(Task to carry out):
Copy out every line of the material below, character for character, apart from the pictures.

(Collected data):
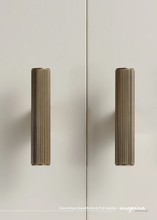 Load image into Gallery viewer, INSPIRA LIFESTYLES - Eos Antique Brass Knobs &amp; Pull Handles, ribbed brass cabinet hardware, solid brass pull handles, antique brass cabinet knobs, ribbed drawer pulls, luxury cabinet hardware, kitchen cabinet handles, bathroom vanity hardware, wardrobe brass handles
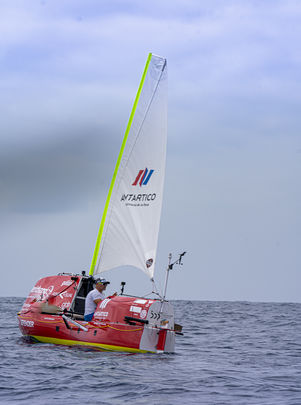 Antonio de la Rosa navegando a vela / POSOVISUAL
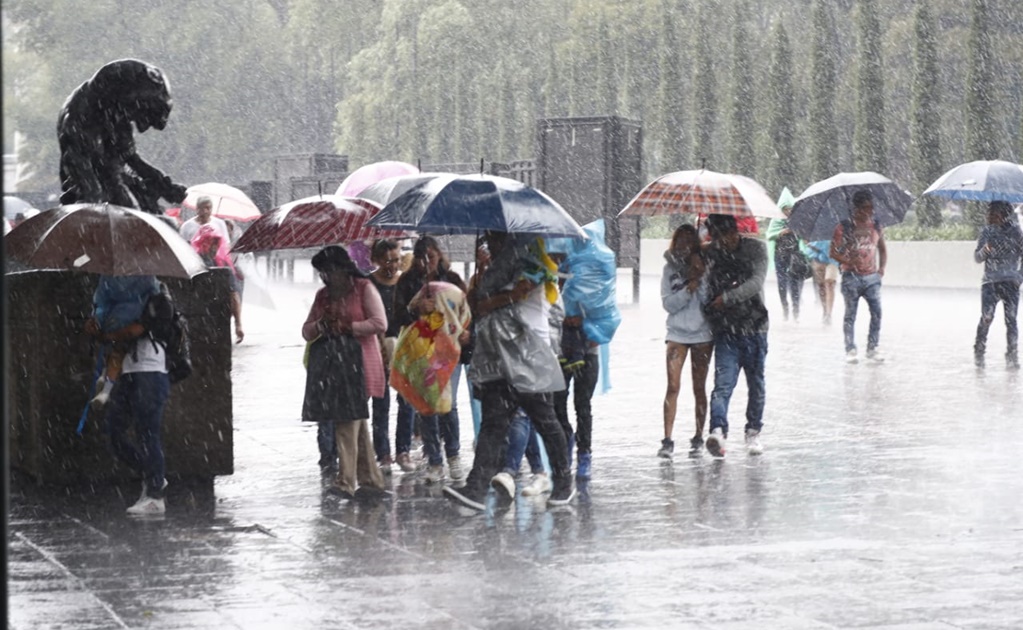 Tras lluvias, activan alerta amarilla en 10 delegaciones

(Exercise response):
 Load image into Gallery viewer, INSPIRA LIFESTYLES - Eos Antique Brass Knobs &amp; Pull Handles, ribbed brass cabinet hardware, solid brass pull handles, antique brass cabinet knobs, ribbed drawer pulls, luxury cabinet hardware, kitchen cabinet handles, bathroom vanity hardware, wardrobe brass handles
 Antonio de la Rosa navegando a vela / POSOVISUAL
 Tras lluvias, activan alerta amarilla en 10 delegaciones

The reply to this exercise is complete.